A meme describing the bland appearance of Plan 9
Image stolen from 9front.org.

In many ways, Plan 9 is a crude system. In some ways, it's elegant. The desktop, for lack of a better word, rivals even the most esoteric of tiling window managers in simplistic featurelessness. Text scrolling behaves very differently from mainstream systems. Basic keyboard navigation and shortcuts either don't exist, or behave very differently from other systems. There are no real GUI elements; to make a "button" in the acme text editor, you simply type a command - such as "New" - anywhere in the editor window, and click it with a specific mouse button. Voilà - you've now created a new editing buffer! Other editing actions can be performed by for example marking text and then clicking a number of different mouse buttons in sequence.

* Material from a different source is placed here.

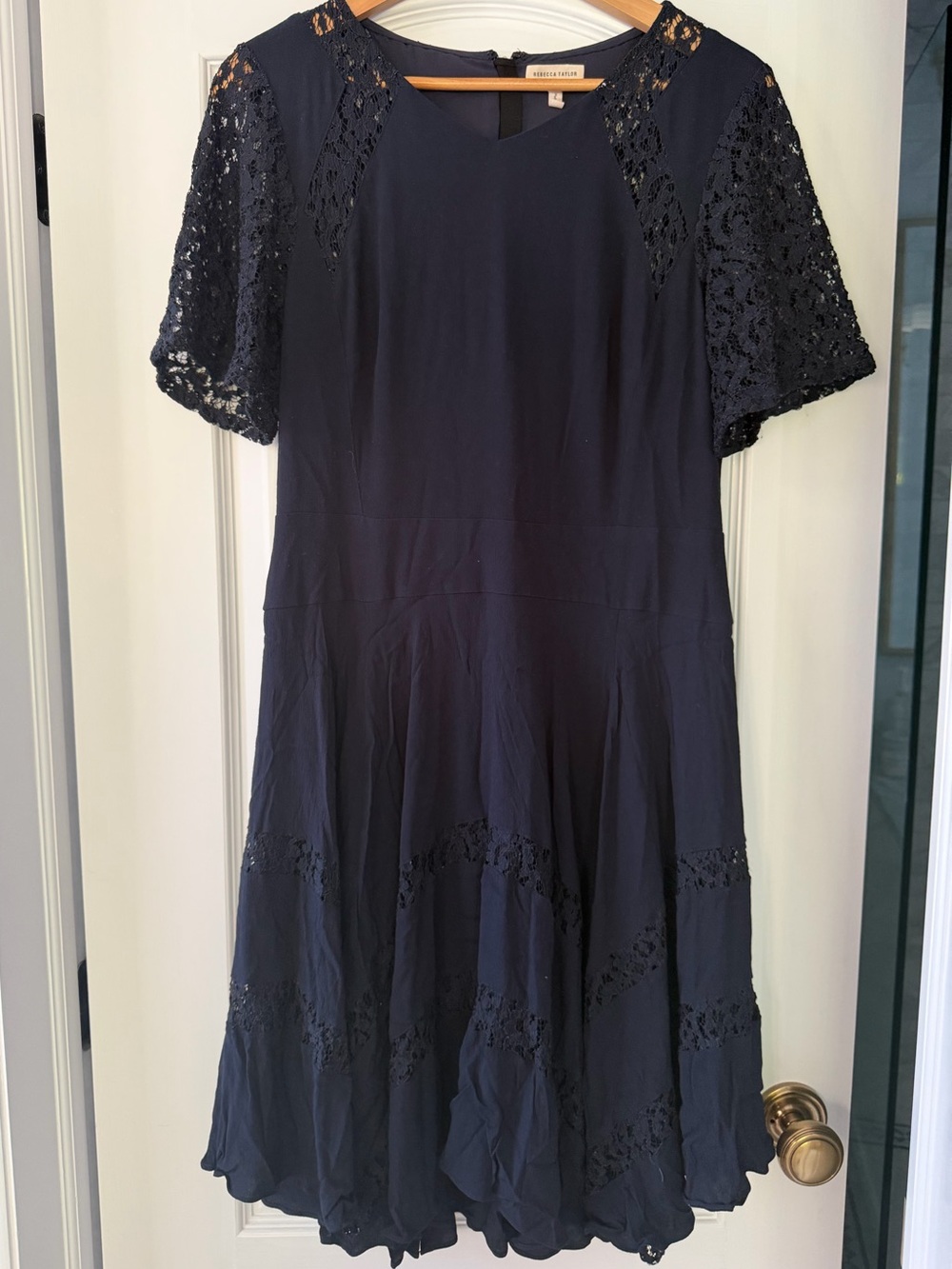 Rebecca Taylor Navy Lace Inset Flutter Sleeve Fit Flare Dress Size 12 Cocktail - Picture 2 of 7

The entire workflow depends heavily on this type of mouse acrobatics, a concept called chording. I personally find this kind of rodent abuse extremely cumbersome (there are no keyboard equivalents), but I shouldn't digress into a critique of the Plan 9 UI. The basic idea Plan 9 (and acme) implements through chording is very powerful, especially combined with plumbing - a fitting name for what can best be described as Unix pipes on heavy stimulants.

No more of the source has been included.